Until austerity began to bite, women could take a two-year maternity leave and maintain much of their income through a generous state subsidy. Thousands of college students can study in European universities on very advantageous financial terms, international journals are available online in many university libraries and many university departments hired faculty with North American and West European PhDs. Thousands of public schools have been built or refurbished and the roads are, on average, wider and better. As a resident of Providence, a city of 600,000 in the northeast of the US, I can testify that Cluj, my hometown in Romania, has much better roads and better-looking public schools.
Unlike a decade ago, it is easy to travel around the country and abroad. Low-cost airlines connect major cities with each other and with tens of European cities, something hard to imagine ten years ago, when a humiliating EU visa regime benefited only passport forgers and trafficking mafias. Unfortunately, through misguided disinvestment in rail and investment in very expensive highways, Romania missed its chance to capitalize on the fact that it had the fourth largest and one of the greenest rail-networks in Europe. Many commuter train routes have been terminated and the survivors look squalid; however, at the same time, if you board an intercity train, then you will probably sit in a brand new or completely refurbished, air-conditioned train car.

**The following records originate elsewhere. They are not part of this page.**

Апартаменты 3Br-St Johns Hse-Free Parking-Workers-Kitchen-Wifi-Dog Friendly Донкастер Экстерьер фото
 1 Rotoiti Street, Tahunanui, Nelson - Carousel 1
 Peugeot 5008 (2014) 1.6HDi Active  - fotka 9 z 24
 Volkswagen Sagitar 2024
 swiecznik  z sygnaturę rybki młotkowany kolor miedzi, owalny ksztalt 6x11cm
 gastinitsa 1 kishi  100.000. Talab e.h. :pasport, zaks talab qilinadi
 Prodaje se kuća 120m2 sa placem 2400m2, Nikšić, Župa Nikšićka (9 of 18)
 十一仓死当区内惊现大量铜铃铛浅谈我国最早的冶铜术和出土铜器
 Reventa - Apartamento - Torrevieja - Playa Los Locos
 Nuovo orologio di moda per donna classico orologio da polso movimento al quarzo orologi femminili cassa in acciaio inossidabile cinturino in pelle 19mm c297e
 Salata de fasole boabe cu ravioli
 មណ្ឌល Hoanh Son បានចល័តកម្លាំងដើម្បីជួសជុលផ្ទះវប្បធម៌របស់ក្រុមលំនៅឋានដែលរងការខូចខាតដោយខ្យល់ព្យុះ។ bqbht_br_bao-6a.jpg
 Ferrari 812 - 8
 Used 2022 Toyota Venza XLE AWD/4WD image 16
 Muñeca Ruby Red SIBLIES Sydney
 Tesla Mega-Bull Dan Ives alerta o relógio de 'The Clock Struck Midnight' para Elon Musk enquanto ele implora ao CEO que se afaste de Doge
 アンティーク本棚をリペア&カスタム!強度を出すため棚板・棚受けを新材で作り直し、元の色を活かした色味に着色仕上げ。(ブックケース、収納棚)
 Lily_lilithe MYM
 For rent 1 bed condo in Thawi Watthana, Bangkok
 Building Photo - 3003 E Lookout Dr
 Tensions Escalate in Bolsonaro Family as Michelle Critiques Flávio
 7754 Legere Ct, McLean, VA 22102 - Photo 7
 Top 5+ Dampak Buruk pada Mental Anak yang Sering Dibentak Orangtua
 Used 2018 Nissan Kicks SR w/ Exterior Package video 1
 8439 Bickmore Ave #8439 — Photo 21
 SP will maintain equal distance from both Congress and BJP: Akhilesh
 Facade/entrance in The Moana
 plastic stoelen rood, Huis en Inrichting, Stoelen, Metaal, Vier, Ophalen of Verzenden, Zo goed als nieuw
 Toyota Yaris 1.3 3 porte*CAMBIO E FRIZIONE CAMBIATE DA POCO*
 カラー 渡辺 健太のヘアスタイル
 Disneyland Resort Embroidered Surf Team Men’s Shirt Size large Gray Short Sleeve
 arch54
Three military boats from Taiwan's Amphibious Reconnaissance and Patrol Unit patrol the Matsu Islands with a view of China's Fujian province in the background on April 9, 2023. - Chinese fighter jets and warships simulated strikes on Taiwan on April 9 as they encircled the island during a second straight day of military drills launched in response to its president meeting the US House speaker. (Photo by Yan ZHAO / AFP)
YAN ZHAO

These have been no easy accomplishments. They are even more surprising given the combination of a chronically malfunctioning political system, cronyism, large doses of destructive economic policies, and the loss of almost a third of the young labour force to migration. Unfortunately, the austerity policies adopted during the crisis could end many of these gains.
In addition, undoubtedly, one can fill three times as many pages with an inventory of facts and stories extracted from ten years of political, economic, and social failures. For such is the realistic state of affairs in Romania. Nevertheless, we also know from sociology that human behaviour is performative, which means that the stories we tell of ourselves may matter for the news of the next decade.